Featured image courtesy AFP
It now seems clear that the attacks on Easter Sunday were carried out by
local radicals, under the aegis of foreign fundamentalists. The problem
is contained in that there is little support for this group from the
wider Muslim community. While those involved must be swiftly identified
with and dealt with, the bigger question is how to check the spread of
radicalisation?
A paper[1] by Joel Day and Scott Kleinmann offer an approach that is summarised below.
Violent extremism is a cult, not a religion
According to the authors, treating violent extremism as a problem of
religion or belief is a mistake. The process of radical, violent
mobilisation shows closer links to that of a cult.
“The central problem with focusing on beliefs is the issue of variation. Simply put, if “radical” beliefs produce terrorists, then why doesn’t every Salafist or political-Islamist mosque produce terrorists?

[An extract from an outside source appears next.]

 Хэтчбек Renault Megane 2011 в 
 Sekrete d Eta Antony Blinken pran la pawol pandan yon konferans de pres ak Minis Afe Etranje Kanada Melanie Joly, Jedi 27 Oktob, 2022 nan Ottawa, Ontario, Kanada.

Even more complicated, why have most of those providing material support to Islamic terrorist groups shown little understanding of theology, but instead seem to be attracted to the thrill of jihadi adventurism (Venhaus 2010)”
Accordingly counter strategies based on empowering moderate, liberal
voices to preach inclusion and tolerance to seemingly more “extreme”
mosques may not be effective, indeed even counterproductive.
When confronted with countering evidence, individuals may become
defensive and cling on initial beliefs more strongly, driving
fence-sitters towards radicalisation.
“It is therefore problematic to assume that “countering narratives,” showing extremists the error of their ways, or debating theology would do anything other than produce hostility and even spur heightened aggression.”
On June 12, 2016, Omar Mateen, a 29-year-old American security guard,
killed 49 people and wounded 53 others in a mass shooting inside Pulse, a
gay nightclub. The killer was believed to have been gay, consumed
alcohol, not known in the local mosques but showed signs of identity
confusion, anger, isolation, and other attributes shared with violent
individuals of all sorts.
Countering a cult
To deal with a cult the focus should be on weakening the organisational
ties within the movement, not on debate. In debate people tend to rely
more on intuition than reason. If people are not working from
ideological standpoints there is little possibility of making headway
through discussion so it may make more sense to counter the networks and
personal ties between individuals and terrorist groups instead.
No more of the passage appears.